Qualcomm DragonBoard 410c

  • In order to enable Secure Boot, it may be necessary to provision RPMB. Once the image has been prepared as mentioned in the section above, with a display attached to the device, press [Power] + [Vol+] + [Vol-] simultaneously on the device before powering up and select “Provision RPMB” from the BDS menu. Please note that this is an irreversible step.

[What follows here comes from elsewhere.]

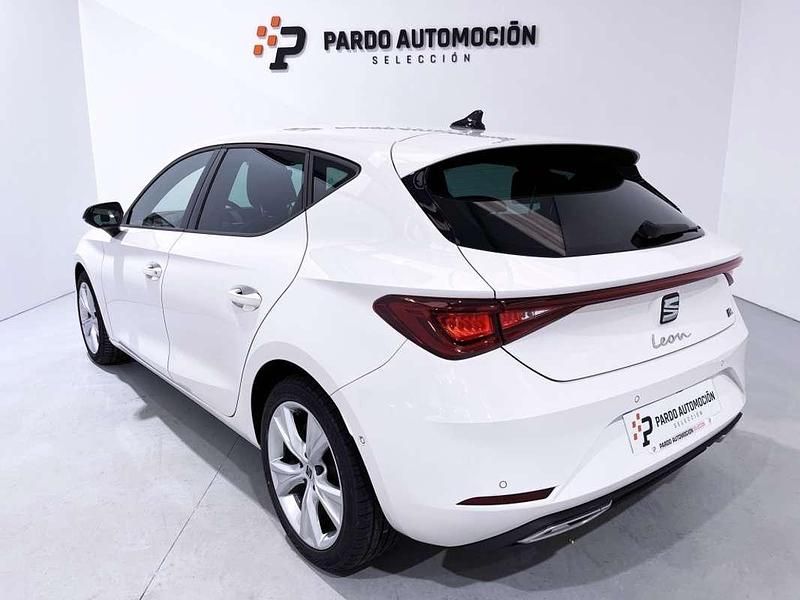 Usado Seat Leon FR 150 CV (110 kW) 2023 Blanco Utilitario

Enabling UEFI Secure Boot and BitLocker

### UEFI Secure Boot
Once the device is set and the image prepared, boot the device into Windows and connect to the device from your Windows 10 PC through a remote PowerShell session (instructions on how to connect via PowerShell are availale here).
Run the following 3 commands from within the remote powershell session to set UEFI secure variables:

  • FWVar.exe put imagesecurity:db c:\efi\SetVariable_db.bin NV BS RT TA
  • FWVar.exe put efiglobal:KEK c:\efi\SetVariable_kek.bin NV BS RT TA
  • FWVar.exe put efiglobal:PK c:\efi\SetVariable_pk.bin NV BS RT TA

Next, in order to complete lock-down of the platform, reboot device using the command shutdown /r.
Note: On an Intel MinnowBoardMax, you may need to manually enable SecureBoot in UEFI. Power up board with a keyboard connected and press F2 to enter UEFI setup. Go to Device Manager -> Secure Boot Configuration -> Attempt Secure Boot and enable this option __. Press F10 to save changes and proceed with a reboot of the platform.

Scheduling BitLocker

In order to enable BitLocker, the device encryption task must be scheduled. This device encryption task is set to trigger when the TPM is provisioned and ready, also ensuring that device encryption stays enabled on all subsequent boots (should the volume be decrypted offline at any time). Once Secure Boot has been setup and the device booted up, re-initiate a remote PowerShell session and create a new (or append to existing) file labelled “OEMCustomization.cmd” under c:\windows\system32 using the following command:

  • new-item c:\windows\system32\OEMCustomization.cmd -type file -value 'schtasks /Create /TN "\Microsoft\Windows\IoT\DeviceEncryption" /XML c:\efi\DETask.xml /f'

Unlocking Encrypted Drives

When attempting to read contents from an encrypted device offline (e.g. SD card for MinnowBoardMax or DragonBoard’s eMMC through USB mass storage mode), ‘diskpart’ may be used to assign a drive letter to MainOS and Data volume (let’s assume v: for MainOS and w: for Data).
The volumes will appear locked and need to be manually unlocked. This can be done on any machine that has the BitLockerDRA.pfx certificate package installed (included in attachment above). Install the PFX and then run the following commands from an administrative CMD prompt:

  • manage-bde -unlock v: -cert -cf BitLockerDRA.cer
  • manage-bde -unlock w: -cert -cf BitLockerDRA.cer

If the contents need to be frequently accessed offline, BitLocker autounlock can be set up for the volumes after the initial unlock using the following commands:

  • manage-bde -autounlock v: -enable
  • manage-bde -autounlock w: -enable

Disabling BitLocker

Should there arise a need to temporarily disable BitLocker, initate a remote PowerShell session with your IoT device and run the following command: sectask.exe -disable.
Note: Dvice encryption will be re-enabled on subsequent device boot unless the scheduled encryption task is disabled.